Par Stéphanie Manguele, Avocate au Barreau de Paris et Collaboratrice Sénior Thiam & Associés.
En Afrique de l’Ouest, l’exploitation des ressources extractives (pétrole, gaz, mines) n’est pas toujours perceptible par les populations des Etats producteurs. Pourtant, ces ressources constituent une source importante de revenus et d’emploi. Face à ce constat, les Etats de la région ont progressivement adopté des réglementations sur la gestion de leurs ressources extractives. L’adoption de politiques de contenu local semble avoir la préférence des Etats. Apparu dans les années 1970 en Grande-Bretagne, le concept de contenu local désigne pour les multinationales le fait d’intégrer dans des projets d’envergure, les entreprises et la main d’oeuvre locales dans les pays étrangers où elles ont leurs activités. Le but étant, à long terme, de créer une chaîne de valeur générant des activités et des emplois à l’échelle nationale. Le recours à ces politiques de contenu local est devenu quasi-systématique comme le démontrent les législations de nombreux Étatsd’Afrique de l’Ouest.

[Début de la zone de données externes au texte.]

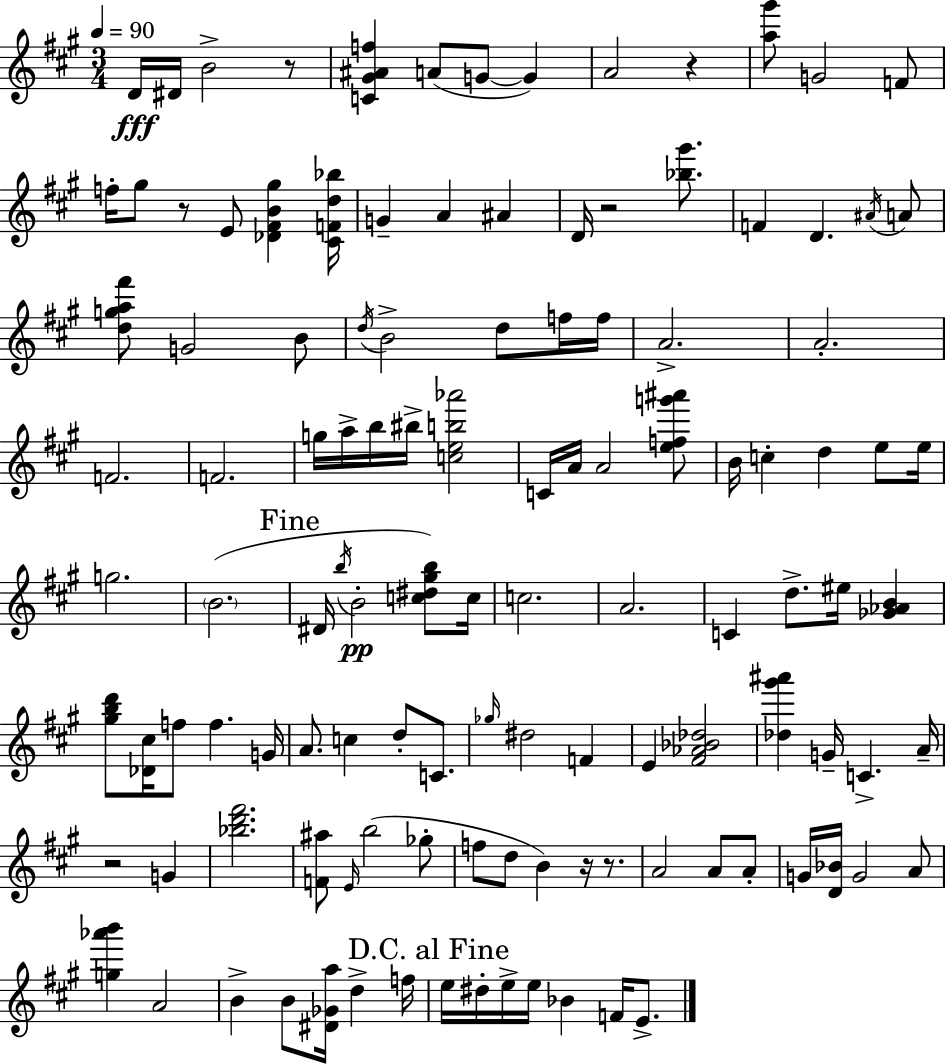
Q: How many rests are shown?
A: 7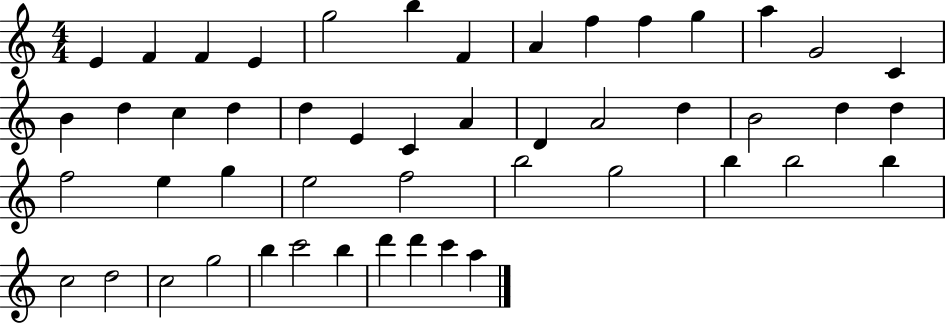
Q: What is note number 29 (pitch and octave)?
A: F5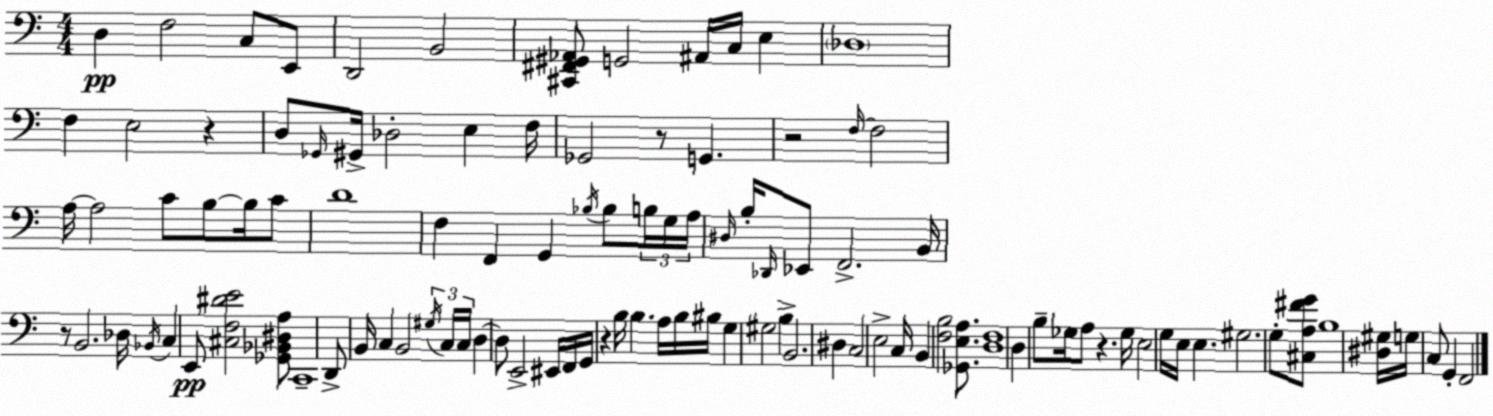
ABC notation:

X:1
T:Untitled
M:4/4
L:1/4
K:C
D, F,2 C,/2 E,,/2 D,,2 B,,2 [^C,,^F,,^G,,_A,,]/2 G,,2 ^A,,/4 C,/4 E, _D,4 F, E,2 z D,/2 _G,,/4 ^G,,/4 _D,2 E, F,/4 _G,,2 z/2 G,, z2 F,/4 F,2 A,/4 A,2 C/2 B,/2 B,/4 C/2 D4 F, F,, G,, _B,/4 _B,/2 B,/4 G,/4 A,/4 ^D,/4 B,/4 _D,,/4 _E,,/2 F,,2 B,,/4 z/2 B,,2 _D,/4 _B,,/4 C, E,,/2 [^C,F,^DE]2 [_G,,_B,,^D,A,]/2 C,,4 D,,/2 B,,/4 C, B,,2 ^G,/4 C,/4 C,/4 D, D,/2 E,,2 ^E,,/4 F,,/4 G,,/4 z B,/4 B, A,/4 B,/4 ^B,/4 G, ^G,2 B, B,,2 ^D, C,2 E,2 C,/4 B,, [F,B,]2 [_G,,E,A,]/2 [D,F,]4 D, B,/2 _G,/4 A,/2 z _G,/4 E,2 G,/4 E,/4 E, ^G,2 G,/2 [^C,A,^FG]/2 B,4 [^D,^G,]/4 G,/4 C,/2 G,, F,,2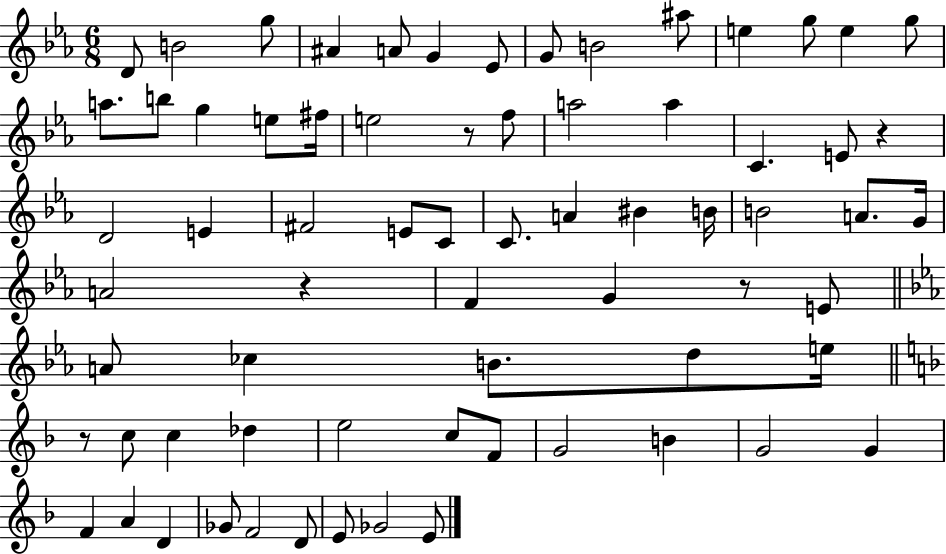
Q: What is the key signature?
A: EES major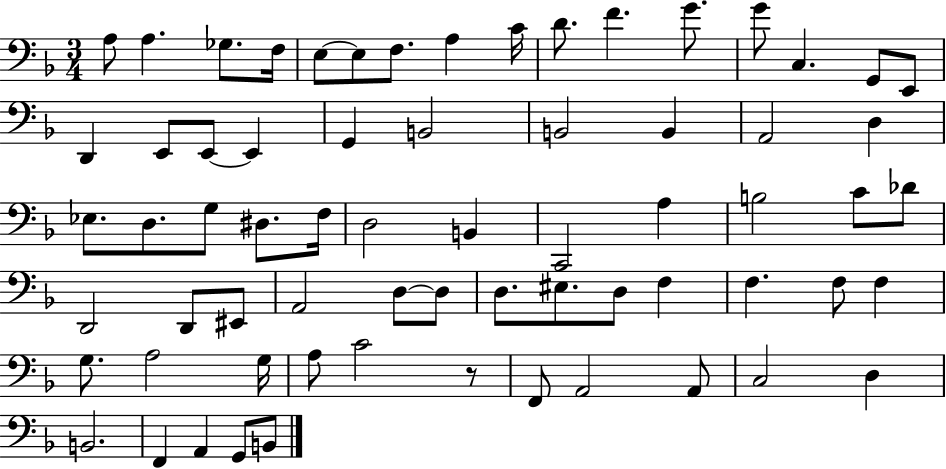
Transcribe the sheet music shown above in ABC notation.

X:1
T:Untitled
M:3/4
L:1/4
K:F
A,/2 A, _G,/2 F,/4 E,/2 E,/2 F,/2 A, C/4 D/2 F G/2 G/2 C, G,,/2 E,,/2 D,, E,,/2 E,,/2 E,, G,, B,,2 B,,2 B,, A,,2 D, _E,/2 D,/2 G,/2 ^D,/2 F,/4 D,2 B,, C,,2 A, B,2 C/2 _D/2 D,,2 D,,/2 ^E,,/2 A,,2 D,/2 D,/2 D,/2 ^E,/2 D,/2 F, F, F,/2 F, G,/2 A,2 G,/4 A,/2 C2 z/2 F,,/2 A,,2 A,,/2 C,2 D, B,,2 F,, A,, G,,/2 B,,/2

Une double approche du contenu local
a. Le déclin d’une version minimaliste du contenu local
Pendant de nombreuses années, les Etats africains ont opté pour une version minimaliste du contenu local. Dans sa version minimaliste, le contenu local consiste pour l’essentiel à optimiser le recrutement au niveau national et/ou les politiques d’approvisionnement local, en adoptant des mesures decontenu local, qui s’inscrivent généralement de manière incidente dans différents textes du pays hôte. Les politiques de ce type visent à accroître la quantité et la qualité de l’emploi national. Lorsqu’elles sont menées avec succès, elles sont génératrices de nouveaux emplois locaux, faire croître et développer les compétences de la main d’œuvre locale, et l’inclusion sociale. Généralement, ces politiques reposent sur des mesures de conformité contraignantes, notamment, des pourcentages d’emploi imposés, des exigences de formation pour la population nationale ou encore des restrictions de visa pour les étrangers.

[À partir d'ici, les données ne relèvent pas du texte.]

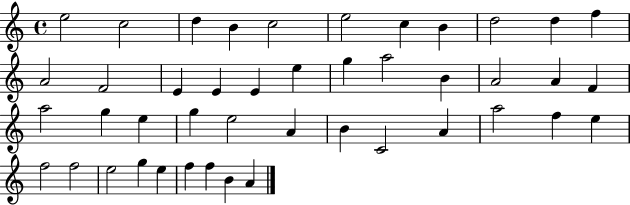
{
  \clef treble
  \time 4/4
  \defaultTimeSignature
  \key c \major
  e''2 c''2 | d''4 b'4 c''2 | e''2 c''4 b'4 | d''2 d''4 f''4 | \break a'2 f'2 | e'4 e'4 e'4 e''4 | g''4 a''2 b'4 | a'2 a'4 f'4 | \break a''2 g''4 e''4 | g''4 e''2 a'4 | b'4 c'2 a'4 | a''2 f''4 e''4 | \break f''2 f''2 | e''2 g''4 e''4 | f''4 f''4 b'4 a'4 | \bar "|."
}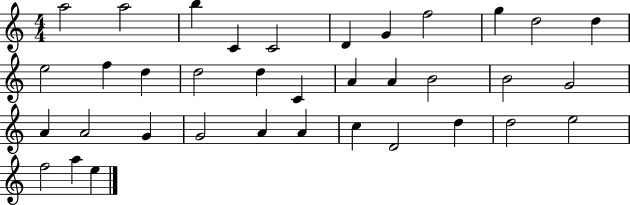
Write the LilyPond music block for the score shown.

{
  \clef treble
  \numericTimeSignature
  \time 4/4
  \key c \major
  a''2 a''2 | b''4 c'4 c'2 | d'4 g'4 f''2 | g''4 d''2 d''4 | \break e''2 f''4 d''4 | d''2 d''4 c'4 | a'4 a'4 b'2 | b'2 g'2 | \break a'4 a'2 g'4 | g'2 a'4 a'4 | c''4 d'2 d''4 | d''2 e''2 | \break f''2 a''4 e''4 | \bar "|."
}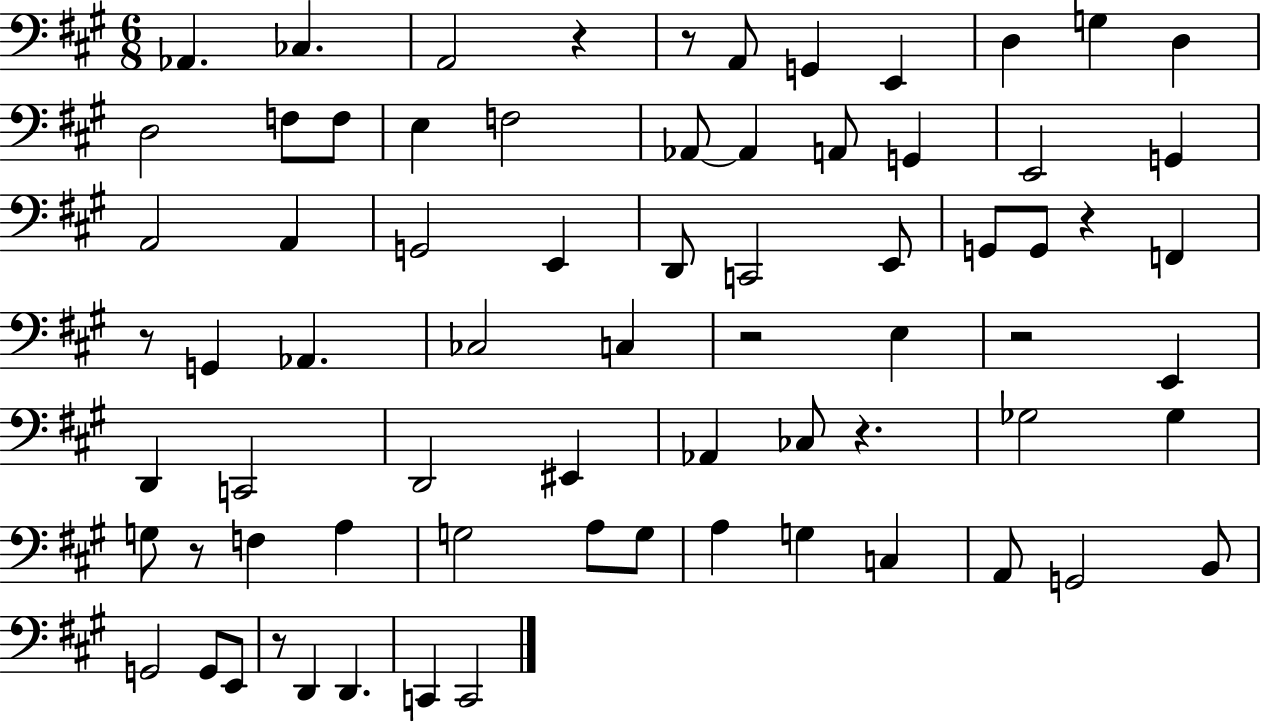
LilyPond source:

{
  \clef bass
  \numericTimeSignature
  \time 6/8
  \key a \major
  aes,4. ces4. | a,2 r4 | r8 a,8 g,4 e,4 | d4 g4 d4 | \break d2 f8 f8 | e4 f2 | aes,8~~ aes,4 a,8 g,4 | e,2 g,4 | \break a,2 a,4 | g,2 e,4 | d,8 c,2 e,8 | g,8 g,8 r4 f,4 | \break r8 g,4 aes,4. | ces2 c4 | r2 e4 | r2 e,4 | \break d,4 c,2 | d,2 eis,4 | aes,4 ces8 r4. | ges2 ges4 | \break g8 r8 f4 a4 | g2 a8 g8 | a4 g4 c4 | a,8 g,2 b,8 | \break g,2 g,8 e,8 | r8 d,4 d,4. | c,4 c,2 | \bar "|."
}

Tel est notamment le cas au Bénin, où le législateur a intégré les dispositions relatives au contenu local dans les Code pétrolier et d’Investissements. Ces deux codes consacrent le principe de recrutement national et de formation. Ainsi, les opérateurs opérant dans le secteur des hydrocarbures au Bénin, doivent accorder la préférence aux ressortissants nationaux et aux entreprises béninoises. L’embauche de la main d’œuvre étrangère est autorisée à titre exceptionnel, et à condition exclusive et expresse d’une carence de la main d’œuvre nationale.

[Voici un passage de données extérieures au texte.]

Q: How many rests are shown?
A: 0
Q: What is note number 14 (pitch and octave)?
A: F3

Concernant l’approvisionnement local, il s’agit d’accroître la quantité des biens et des services acquis par les opérateurs étrangers auprès des entreprises nationales. Les achats locauxpeuvent ainsi permettre la diversification économique. A long terme, ces mesures sont susceptibles de contribuer à une augmentation du PIB national.
Au Burkina Faso, le décret n°2021-1142 portant fixation des conditions de la fourniture locale dans le secteur minier, oblige les entreprises minières et leurs sous-traitants à accorder à des personnes physiques ou morales burkinabè, tout contrat de prestations de services qu’ils sont susceptibles de conclure dans le cadre de leur activité au Burkina Faso. Un barème fixe par ailleurs le pourcentage d’actionnariat à concéder aux personnes physiques ou morales burkinabè, au sein d’entreprises opérant dans le secteur minier en tant que prestataires de services ou fournisseurs.
Si cette version minimaliste du contenu local a prévalu durant de nombreuses années, les Etats africains tendent aujourd’hui à s’en affranchir. Ceux-ci sont enclins à adopter des législations spécifiques permettant de maximiser le contenu local et d’en faciliter l’application effective.
b. La maximisation progressive du contenu local par l’adoption de législations spécifiques
Ces réglementations ont une portée plus large. Elles visent à accroître l’emploi à l’échelle nationale, à favoriser la formation des nationaux et le transfert de technologie, à offrir aux entreprises nationales des possibilités en matière de sous-traitance ou de prestations de services dans le cadre de projets extractifs, ou encore à assurer l’approvisionnement en produits locaux. L’objectif est de favoriser le développement d’autres secteurs économiques (ou de nouveaux secteurs) en maximisant sur les compétences, la formation, le transfert de technologie, le renforcement de la chaîne de valeur du secteur extractif. Ces mesures peuvent permettre la diversification des économies nationales indépendamment du secteur extractif.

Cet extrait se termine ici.